NPR’s board of directors met this week to deal with the mess.

So what happened?

  • NPR Board Chairman Roger LaMay announced he was high-tailing it out of town – quitting at the end of his second one-year term. But he’s not leaving the gravy train of taxpayer-funded radio. He’s just spending more time at NPR affiliate WXPN in Philadelphia. He is, however, the subject of a complaint filed alleging inappropriate behavior.

  • Earlier this month, Michael Oreskes, NPR’s senior vice president of news and editorial director, was forced to resign after accusations surfaced that he had previously sexually harassed women. Two women who said they had been seeking jobs at the New York Times when he was Washington bureau chief there nearly two decades ago accused him of forcibly kissing them. Multiple younger female journalists at NPR said he left them deeply uncomfortable by embarking on intimate conversations over extended dinners or by engaging them repeatedly in exchanges via unsolicited private messages. Oreskes offered a general apology on the day he resigned: “I am deeply sorry to the people I hurt. My behavior was wrong and inexcusable, and I accept full responsibility.”
  • NPR placed David Sweeney, recently promoted to the position of chief news editor, on paid administrative leave as recent allegations about his conduct are reviewed. Sweeney is among the network’s top five news executives. The network has declined specific comment but says it takes allegations seriously and takes the responsibility of reviewing them seriously as well. Three female journalists – two of whom are still NPR employees – confirmed that they had filed complaints against Sweeney.

Keep in mind, NPR is limousine liberal central – a government-financed, government-controlled, politically correct propaganda front. You will never hear a report on NPR suggesting government is too big. You will never hear a report on NPR that the Constitution limits the power and reach of government. What you will hear daily at NPR, if you are willing to listen, is that if there’s something government isn’t doing yet, it’s time for Washington to get on the ball.

I know. I know.
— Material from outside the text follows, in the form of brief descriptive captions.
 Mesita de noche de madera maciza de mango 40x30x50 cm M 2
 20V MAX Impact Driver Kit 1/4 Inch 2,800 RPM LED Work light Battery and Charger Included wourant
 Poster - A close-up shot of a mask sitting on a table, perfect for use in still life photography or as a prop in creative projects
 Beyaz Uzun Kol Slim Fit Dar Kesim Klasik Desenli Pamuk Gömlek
Many people like the soothing, calm tones of NPR. They like the erudite chit-chat. Fine! Let those people support it the way other enterprises are supported in America – through advertising or donations. But, please, not with my money.

So, I have a simple cost-cutting measure for the Trump administration and Republican Congress to seize: How about pulling the plug on NPR?
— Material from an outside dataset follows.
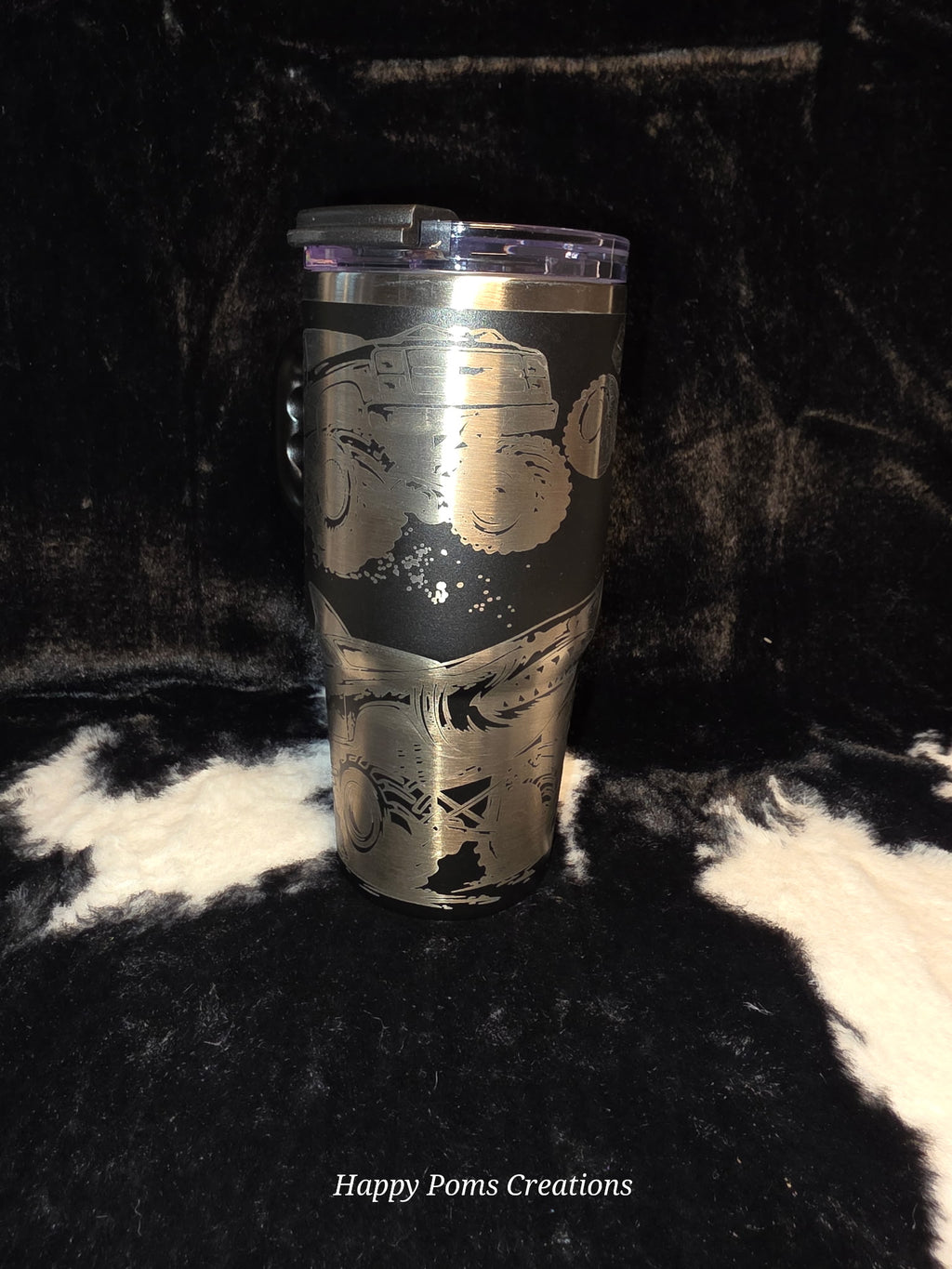 Monster Truck Engraved Travel Mug, 14oz Insulated Tumbler with Handle, Off-Road Truck Gift, Racing Fan Cup, Laser Engraved Mug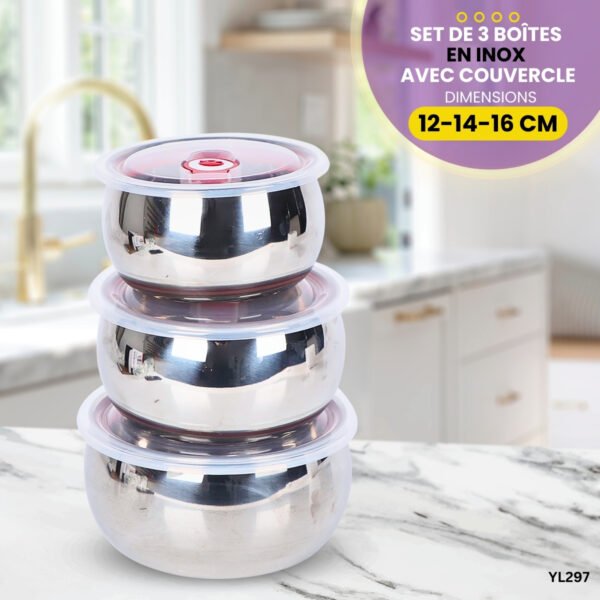 Set De 3 Boîtes En Inox Avec Couvercle YL297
If it’s so popular, privatize it! Why are taxpayers forced to pay for it?

It’s simply un-American for the government to be in the media business. This is not the Soviet Union. It’s not China. Is there any shortage of news and information in this day and age? Why would the government need to be involved? The central role of a free press in a free society is to be a watchdog on government, not a gilded handmaiden of government.
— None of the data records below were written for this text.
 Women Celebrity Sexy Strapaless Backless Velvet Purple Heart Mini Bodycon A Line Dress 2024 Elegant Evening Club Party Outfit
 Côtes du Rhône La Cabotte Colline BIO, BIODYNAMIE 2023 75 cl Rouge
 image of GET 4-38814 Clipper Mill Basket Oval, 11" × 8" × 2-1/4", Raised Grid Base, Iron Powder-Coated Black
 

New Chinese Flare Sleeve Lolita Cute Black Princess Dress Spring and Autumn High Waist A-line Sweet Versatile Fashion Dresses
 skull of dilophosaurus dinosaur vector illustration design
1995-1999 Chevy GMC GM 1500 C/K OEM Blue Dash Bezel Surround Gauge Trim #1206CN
While it may have been fruitless to even suggest dumping NPR and PBS during the Obama administration or the Bush administrations or the Clinton administration, it shouldn’t be in the era of Trump.

It’s not only a waste of tax dollars, it’s an inappropriate use of them.

There are plenty of privately held media companies puffing government already. Why do we need a state-sponsored enterprises doing the same thing?